Applications serving financial data such as realtime stock quotes, finance portfolio management and related news. These applications offer a good degree of customization for the end user, for example allowing users to subscribe to realtime updates for certain stock symbols.
The application needs to evolve rapidly based on usage patterns, and therefore the database layer should be able to scale out easily.
One challenge with current solutions is that the entire data needs to fit in memory in the cache tier.
Reads for recent data should have predictably low latencies. For instance, reads for older data should not cause reads for recent data to have high latencies.
The underlying database should support low-latency reads and writes to ensure a good user experience.
These applications may evolve rapidly or may get a sudden increase in the number of queries due to a higher than expected adoption by end users (this is a good thing). With YugaByte DB, the database layer can be scaled out reliably and efficiently without any impact to the currently running application.
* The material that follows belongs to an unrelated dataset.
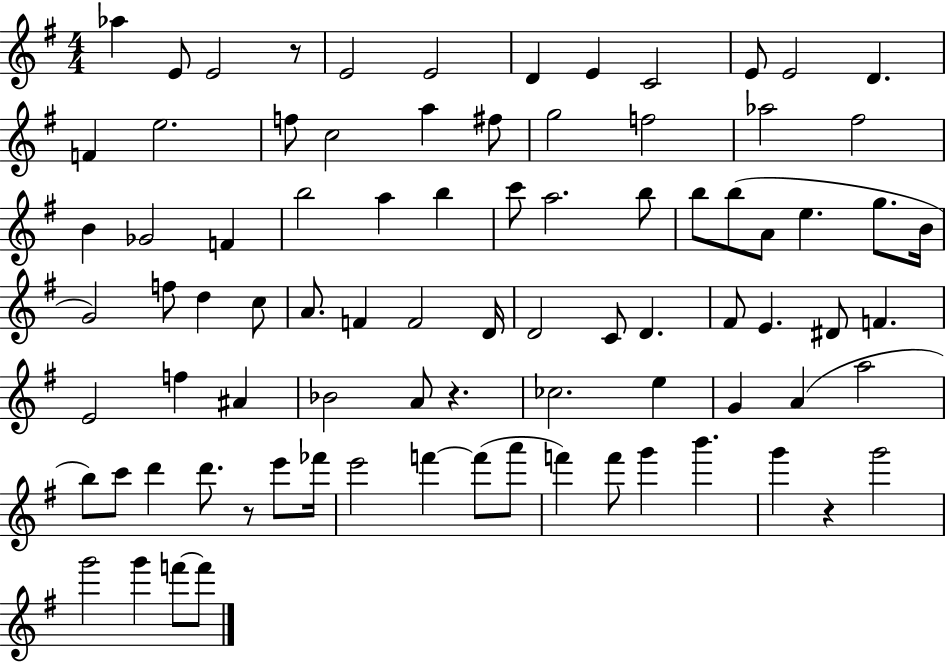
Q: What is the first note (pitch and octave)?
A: Ab5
A lot of these applications have fast growing data, and therefore would need to keep storage costs under control. YugaByte DB offers both the ability to automatically tier colder data to cheaper storage layer as well as the ability to efficiently expire older data.
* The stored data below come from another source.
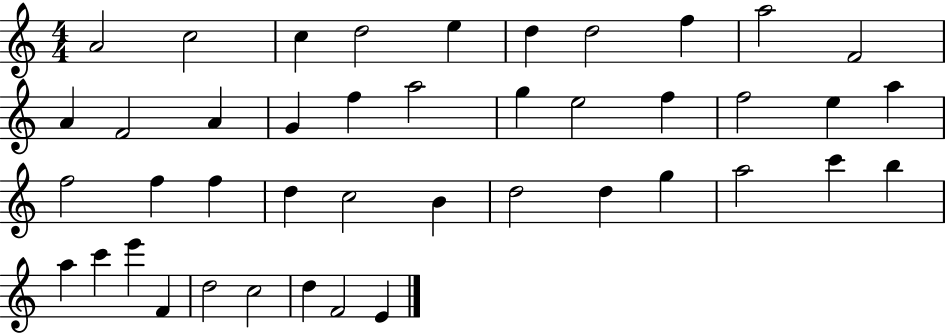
{
  \clef treble
  \numericTimeSignature
  \time 4/4
  \key c \major
  a'2 c''2 | c''4 d''2 e''4 | d''4 d''2 f''4 | a''2 f'2 | \break a'4 f'2 a'4 | g'4 f''4 a''2 | g''4 e''2 f''4 | f''2 e''4 a''4 | \break f''2 f''4 f''4 | d''4 c''2 b'4 | d''2 d''4 g''4 | a''2 c'''4 b''4 | \break a''4 c'''4 e'''4 f'4 | d''2 c''2 | d''4 f'2 e'4 | \bar "|."
}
YugaByte DB has an internal scan resistant cache while ensures that larger reads do no pollute the cache. This means that the common read pattern such as reads for recent data are not impacted by a larger read.
With YugaByte DB, the entire data set does not need to fit in memory (unlike with a traditional cache like Redis often used to serve reads in such applications). Older or inactive data is automatically paged out of RAM to persistent storage. This allows for a larger data to be served with fewer machines.